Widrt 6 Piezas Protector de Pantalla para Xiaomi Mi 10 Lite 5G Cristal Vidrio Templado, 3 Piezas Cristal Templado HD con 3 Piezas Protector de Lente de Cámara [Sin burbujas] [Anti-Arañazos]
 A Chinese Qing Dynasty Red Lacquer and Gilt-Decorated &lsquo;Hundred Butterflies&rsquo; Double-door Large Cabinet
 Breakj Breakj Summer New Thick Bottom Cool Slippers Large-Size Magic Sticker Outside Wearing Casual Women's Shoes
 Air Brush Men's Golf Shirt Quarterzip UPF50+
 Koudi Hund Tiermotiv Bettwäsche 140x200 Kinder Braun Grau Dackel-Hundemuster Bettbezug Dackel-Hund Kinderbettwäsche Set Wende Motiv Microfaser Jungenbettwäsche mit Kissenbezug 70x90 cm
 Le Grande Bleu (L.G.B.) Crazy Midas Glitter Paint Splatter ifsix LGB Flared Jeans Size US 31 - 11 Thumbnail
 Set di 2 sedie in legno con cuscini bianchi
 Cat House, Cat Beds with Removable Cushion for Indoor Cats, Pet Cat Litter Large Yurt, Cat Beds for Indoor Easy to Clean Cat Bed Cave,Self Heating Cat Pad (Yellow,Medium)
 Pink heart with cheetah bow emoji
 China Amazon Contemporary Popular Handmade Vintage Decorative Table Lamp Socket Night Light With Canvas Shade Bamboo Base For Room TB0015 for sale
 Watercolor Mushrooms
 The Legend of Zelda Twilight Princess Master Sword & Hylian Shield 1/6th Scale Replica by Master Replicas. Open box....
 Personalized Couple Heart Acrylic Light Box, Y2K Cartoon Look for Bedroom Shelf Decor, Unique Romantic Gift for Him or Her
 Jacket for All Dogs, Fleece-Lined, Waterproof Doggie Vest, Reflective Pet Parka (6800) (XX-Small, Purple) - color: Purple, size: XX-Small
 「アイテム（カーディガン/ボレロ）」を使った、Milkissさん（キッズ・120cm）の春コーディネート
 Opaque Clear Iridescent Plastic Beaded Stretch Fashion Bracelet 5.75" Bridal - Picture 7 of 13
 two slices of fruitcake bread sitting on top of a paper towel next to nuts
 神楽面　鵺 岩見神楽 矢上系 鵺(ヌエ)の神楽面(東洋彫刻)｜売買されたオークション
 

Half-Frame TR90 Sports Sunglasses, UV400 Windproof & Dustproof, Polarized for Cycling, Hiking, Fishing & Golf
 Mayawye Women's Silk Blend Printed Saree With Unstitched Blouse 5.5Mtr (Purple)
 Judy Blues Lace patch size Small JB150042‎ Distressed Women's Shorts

Task instructions :: Copy each line of the entries that includes the word "Large".

Answer space ::
 A Chinese Qing Dynasty Red Lacquer and Gilt-Decorated &lsquo;Hundred Butterflies&rsquo; Double-door Large Cabinet
 Breakj Breakj Summer New Thick Bottom Cool Slippers Large-Size Magic Sticker Outside Wearing Casual Women's Shoes
 Cat House, Cat Beds with Removable Cushion for Indoor Cats, Pet Cat Litter Large Yurt, Cat Beds for Indoor Easy to Clean Cat Bed Cave,Self Heating Cat Pad (Yellow,Medium)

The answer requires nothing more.